Toward the end of his life, Roy was preoccupied with thoughts of death.
Marc Davis told me:
“Here's one of my favorite Roy Williams stories. He came home one day. His wife wasn't there. So he goes to the mail box. Looks at the mail and here's a thing from Forest Lawn cemeteries addressed to 'Mr. and Mrs. Roy Williams'.
“He opens it up and it turns out his wife had purchased two crypts for them. Roy was appalled and practically shook the house apart. Then he got a sly feeling. He calls up Forest Lawn:
'Hello, my name is Roy Williams. I am a diabetic and they are going to amputate my right leg. When they amputate the leg, I want the leg put in that crypt because when I die completely I want to be all together.'
“You can imagine the effect it had on them. He left them shaking for about a month. He never delivered the leg and they kind of breathed a sigh of relief I guess.”
Roy took part in a very brief three to four minute on-camera appearance for the Tomorrow Show with Tom Snyder in January 21, 1975, that had six of the original Mouseketeers as guests. Roy was also interviewed in person by Jerry Bowles that same year for his book Forever Hold Your Banner High (Doubleday 1976) about the original Mickey Mouse Club.
Roy died on November 7, 1976, the victim of a heart attack, probably brought about because of his obesity and diabetes.
“Ever a colorful character,” reported the Motion Picture Screen Cartoonists Newsletter, “Roy stipulated that he, much to the astonishment of morticians, but not his many friends, be interred wearing his Mickey Mouse Club hat and his Mickey Mouse Club T-shirt, with his name inscribed on the front thereof, in full regalia.”
If Bela Lugosi could be buried in his iconic Dracula cape, it certainly seemed appropriate that Roy would be buried with his famous mouse ears. It was something we all believed for decades. However, he was actually cremated and his ashes reside at Forest Lawn Cemetery Hollywood Hills near his old home in Burbank in the Courts of Remembrance, Crypt 2290, Space 2.

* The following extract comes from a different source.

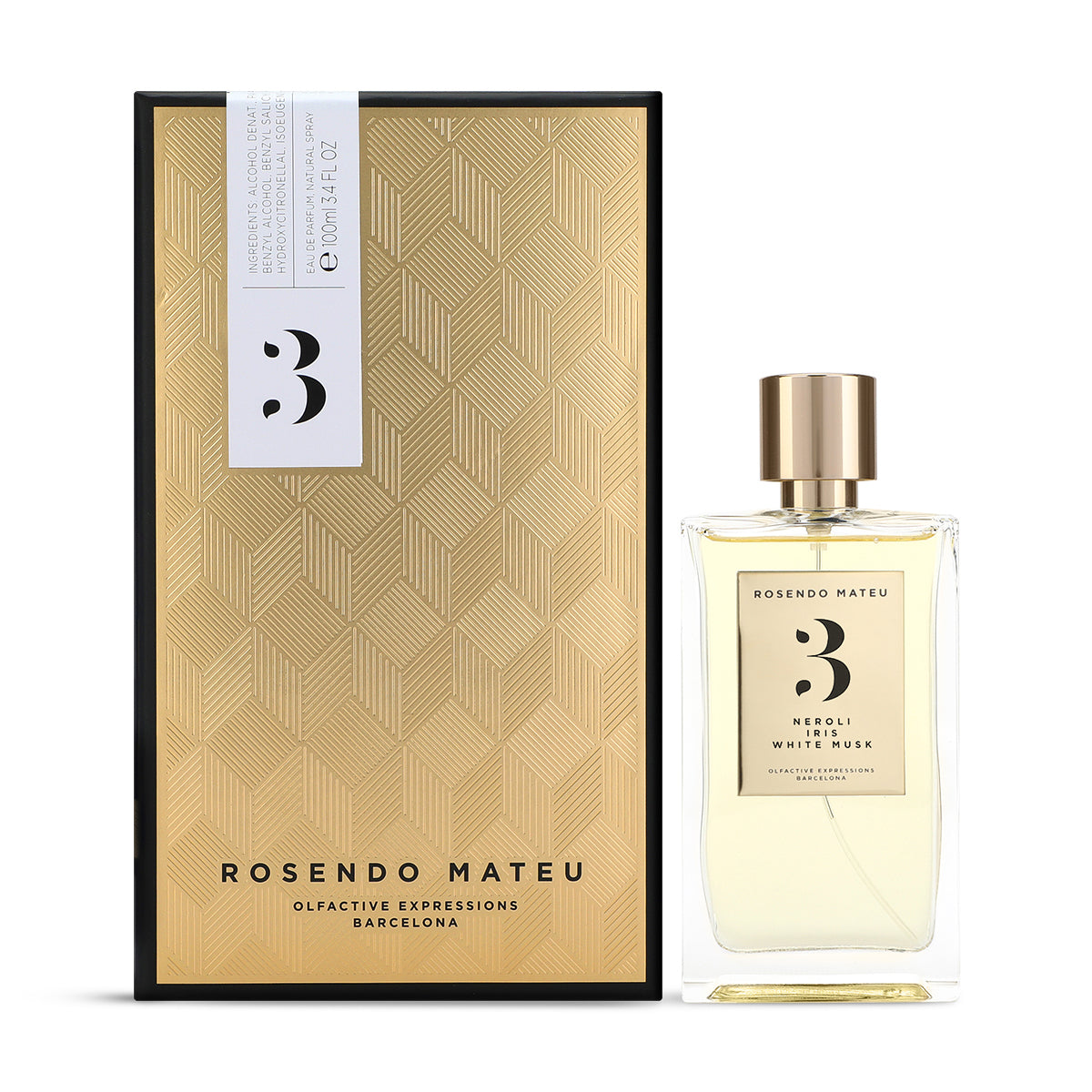 Rosendo Mateu NO 3 100ML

One of the reasons I have Roy Williams on my mind is that, for over a decade, I have been searching for a copy of his limited-edition memoirs of his time at Disney.

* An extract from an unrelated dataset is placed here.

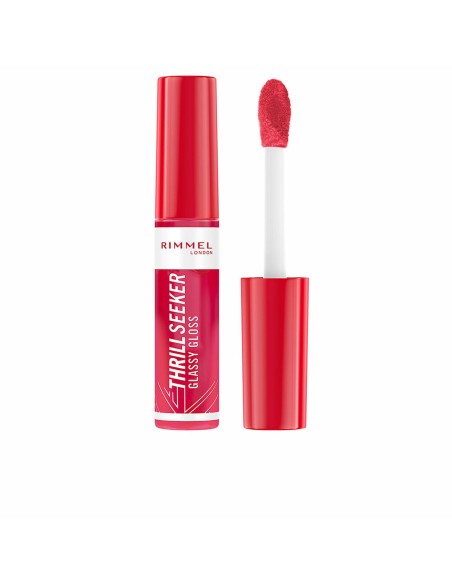 Lip-gloss Rimmel London THRILL SEEKER Nº 350 Pink to the berry 10 ml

A former Disney cast member who worked at the Disney Feature Animation Studios Florida in the 1990s first alerted me to the fact that the animation library when it was in the trailers at the Disney MGM Studios (before the Animation building was built) had a copy of it with a yellow cover featuring a caricature of Roy and some not “Disney approved narrative” stories.
Roy was known for his off-color humor and supposedly the manuscript includes stories like going on picnics at Griffith Park and getting drunk with the ink and paint girls and the notorious party at the Norconian Hotel after the production of Snow White and the Seven Dwarfs where the Disney staff went wild for the weekend.
In one of his last interviews before is death, Williams said, “You know how things get exaggerated over the years. Most of that stuff was never true to begin with. When you get as old as I am you want to forget most of the stuff you've done.”
The cast member said that when he realized how rare the book was and went back to the library to get the Williams book and try to make a copy, it had disappeared and no one had any ideas where it might be.
Williams' daughter remembers the book, but the family does not have a copy because, toward the end of his life, the family situation was strained. She also remembered the memoir as being “racy”. She has given permission for the book to be reprinted if I can ever locate a copy.
Roy apparently also wrote a limited-edition book of poetry about death titled Vaporisms (Weather Bird Press 1967) and I haven't been able to track that down either because only 50 copies were ever printed. Were only 50 copies printed of the memoirs, which is why it is so difficult to find?
I am hoping that writing about Roy might attract the attention of someone who knows more about the missing memoir or even knows how to locate a copy.
Roy was definitely a colorful character and there are many more stories to be told.